Résumés
Résumé
Les anglophones du Québec ont toujours constitué une minorité démographique. Or, ce n’est que dans les années 1970 que ce groupe commence à se percevoir comme une minorité linguistique. Alors que la « communauté » anglophone continue aujourd’hui de faire partie des « référents imaginés » du Québec, qu’en est-il exactement des acteurs sociaux qui la composent et qui contribuent eux aussi à la construction du social et des identités québécoises? L’école de langue anglaise, constituant l’un des principaux vecteurs permettant la préservation (ou la création) d’un sentiment d’appartenance au groupe anglophone, remplit-elle ce rôle de socialisation à une appartenance collective? Par une approche constructiviste et interactionniste de la formation des identités, cet article traite du rôle de l’école de langue anglaise dans le processus de construction identitaire des jeunes adultes. Il porte spécifiquement sur la formation de l’identité chez les jeunes adultes qui ont effectué une « traversée des frontières scolaires » – chez les jeunes qui sont passés de l’école secondaire anglaise vers l’université francophone. Par une analyse de 10 entretiens qualitatifs, nous abordons l’expérience sociale et identitaire que retiennent les jeunes issus de l’école anglaise après avoir effectué une mobilité linguistique scolaire, c’est-à-dire après leur passage de l’école anglaise vers l’université francophone (et donc vers de nouveaux rapports d’altérité).
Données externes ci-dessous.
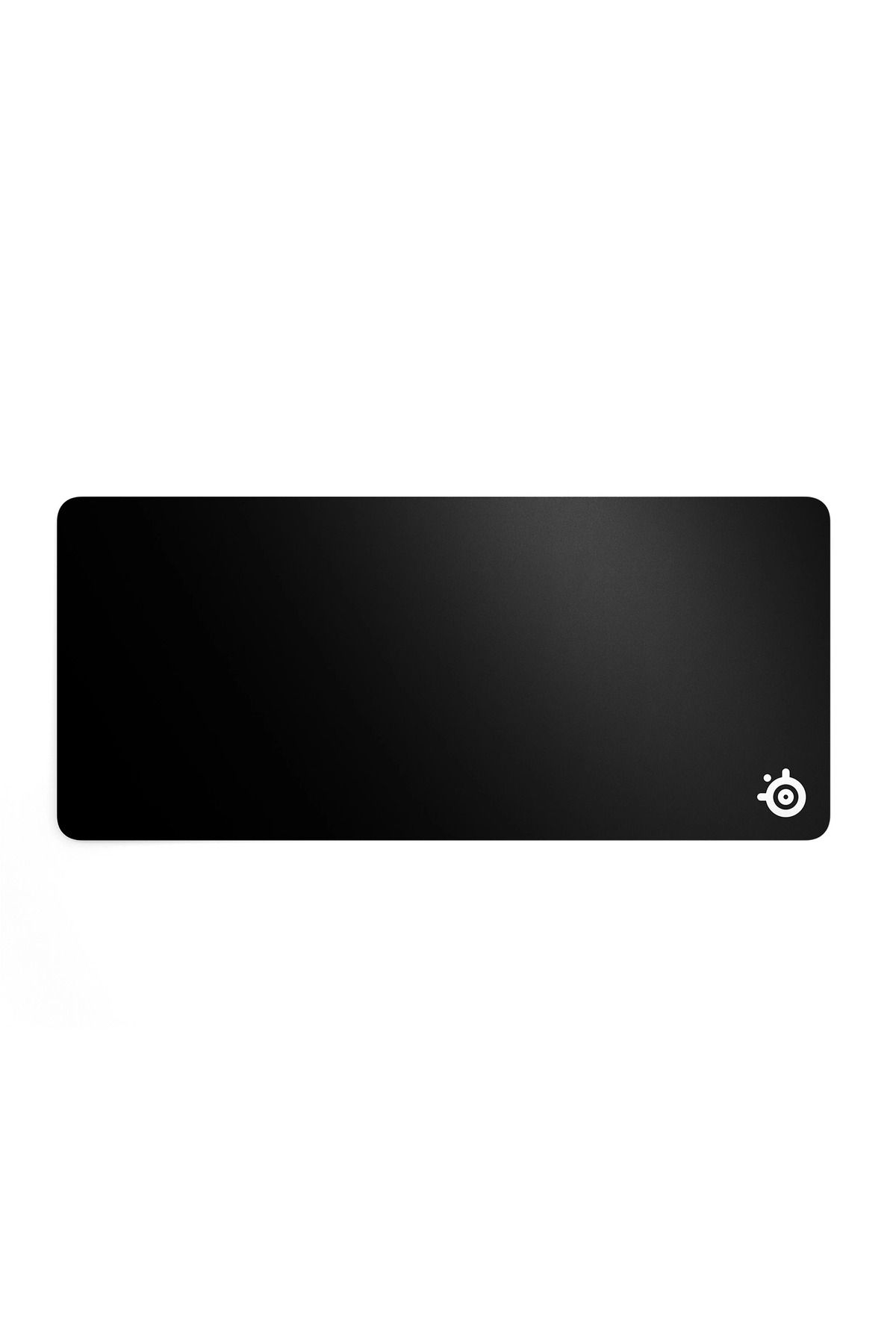 SteelSeries QcK XXL Gaming Oyuncu Mouse Pad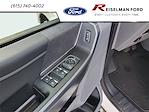 2025 Ford F-150 SuperCrew Cab 4x2 Pickup for sale #3E37522 - photo 14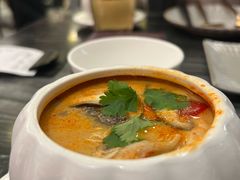 -Thai Alley泰爱里(二沙岛店)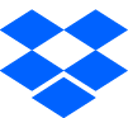 Dropbox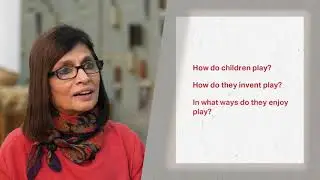 Week 3: Lecture 6. Case Studies: Research Question & Applying Ethnography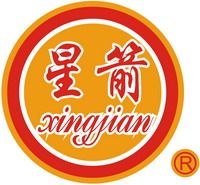 Ningbo Xingjian Electrical Plastic Co., Ltd.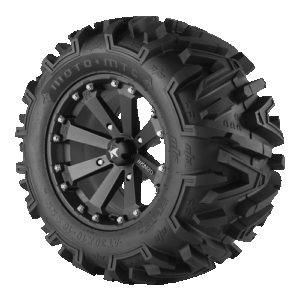EFX MOTOMTC 30X10-14 ALL-TERRAIN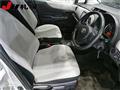 2013 Toyota Vitz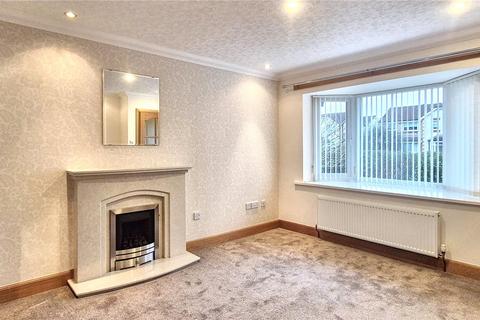 undefined, Jericho Place, Dumfries DG1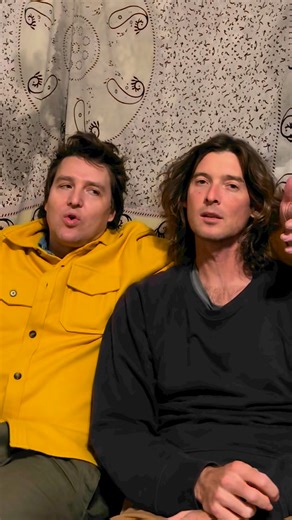 5.8K views · 72 reactions | Sad Songs Summer Camp Guest Artist announcement #2: Haley Heynderickx has been enchanting us with her songs and spirit since we toured together on our first run after covid. Her openness and creativity inspired us to no end. So thrilled she'll be on hand to teach and perform for us all at Camp this summer. Get your tickets and lodging reserved y'all! sadsongssummercamp.com | The Milk Carton Kids | Facebook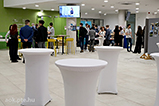 DSCF9304.jpg
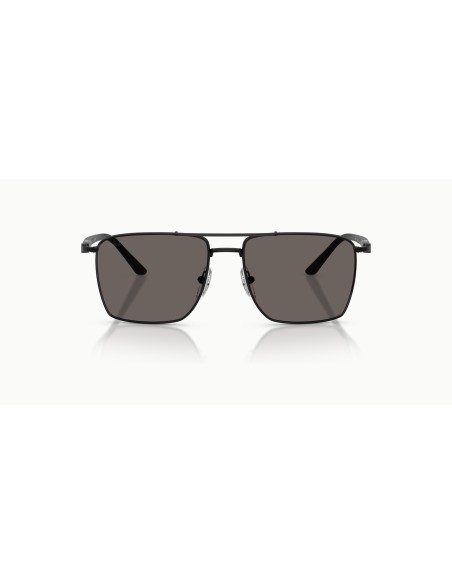 PERSOL - PO1031S - 1078B1 - 57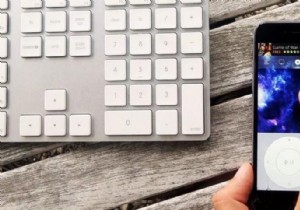 วิธีปรับปรุงประสบการณ์สมาร์ทโฟนของคุณ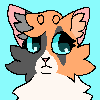 LibertyVibez's avatar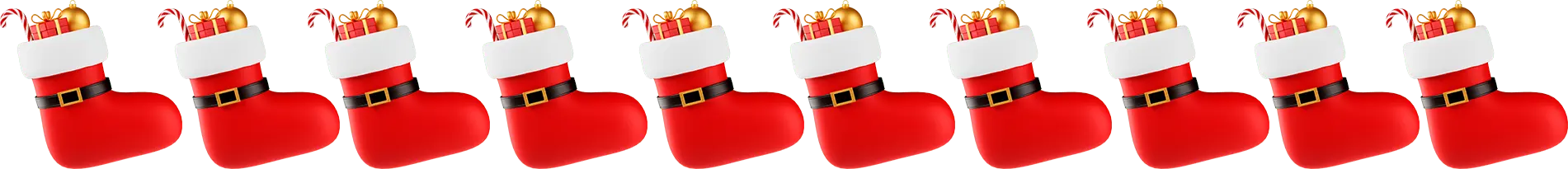 meia-de-natal-Copia.webp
Le principal résultat de recherche est le suivant : l’expérience de l’école de langue anglaise dans un Québec majoritairement francophone constituera toujours, chez les jeunes que nous avons interrogés, un repère de leur construction identitaire – un repère duquel ils se rapprocheront ou se distancieront au cours de leur trajectoire biographique.
Abstract
Quebec anglophones have always been a demographic minority, but it was only during the 1970s that they began to perceive themselves as a linguistic minority. While the English “community” continues to be one of the basic components of the “Quebec image”, who exactly are the social actors who make it up and who contribute to the construction of Quebec society and identity? Do Quebec English schools, one of the principal vehicles that allow the perpetuation (or the creation) of a sense of belonging, fulfil a role as socializers in the construction of a collective consciousness? Using a constructivist and interactional approach to the formation of identity, this article looks at the role of English schools in young adults’ identity construction. More specifically, it concentrates on the formation of an identity of young adults who have “crossed academic boundaries”, that is, who have gone from English secondary education to university in French. We analyze, through ten in-depth, the social and identity experiences of young people who have gone through the English school system and have opted for linguistic academic mobility, that is, from English secondary schooling to a French university (and thus toward a new experience of differences). The preliminary conclusions indicate that the experience of English schooling within the context of a French speaking majority in Quebec acts as a frame of reference for the young people we interviewed, which is invoked more or less often according to their life choices.